「青い薬」フレデリック・ペータース著、原正人訳
<HIV感染者に恋した男の葛藤を描くBD>
スイス生まれの著者がHIVに感染した女性と恋して葛藤する男の姿を描いた自伝的BD(バンド・デシネ=フランス語圏マンガ)。タイトルの青い薬とは、感染者が一生飲み続けなければならない抗HIV薬のことだ。
主人公のフレッドは、19歳のときに友人の親が所有する別荘でその女性・カティと出会い、白いTシャツだけでプールに飛び込み、シャンパンを飲みながら「しかも洗練を失っていない」その存在に魅せられる。

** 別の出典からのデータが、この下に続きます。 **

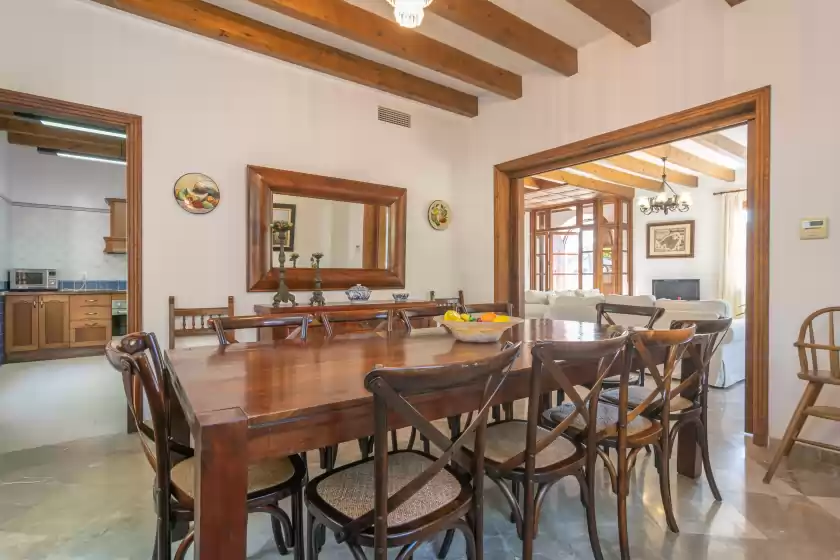 Alquiler vacacional en Son capellet, Petra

数年後に会ったときには、彼女は結婚して1児の母となっていた。そして、再び時が経ち、友人宅のパーティーで再会した彼女と初めて親しく会話を交わしたフレッドは、カティが離婚したことを知る。その後、交際を始めた2人だが、ある日、彼女から病気のことを打ち明けられたフレッドは、頼もしい男を演じながらもうろたえてしまう。それでも、彼は立ち去ろうとするカティを引き留め、その夜、初めてベッドを共にする。
カティの3歳の息子も感染者だった。家族として生きていく覚悟を固めたフレッドだが、「潜在的な病人として」生きていかなければならない息子の人生を考えるとやるせなくなる。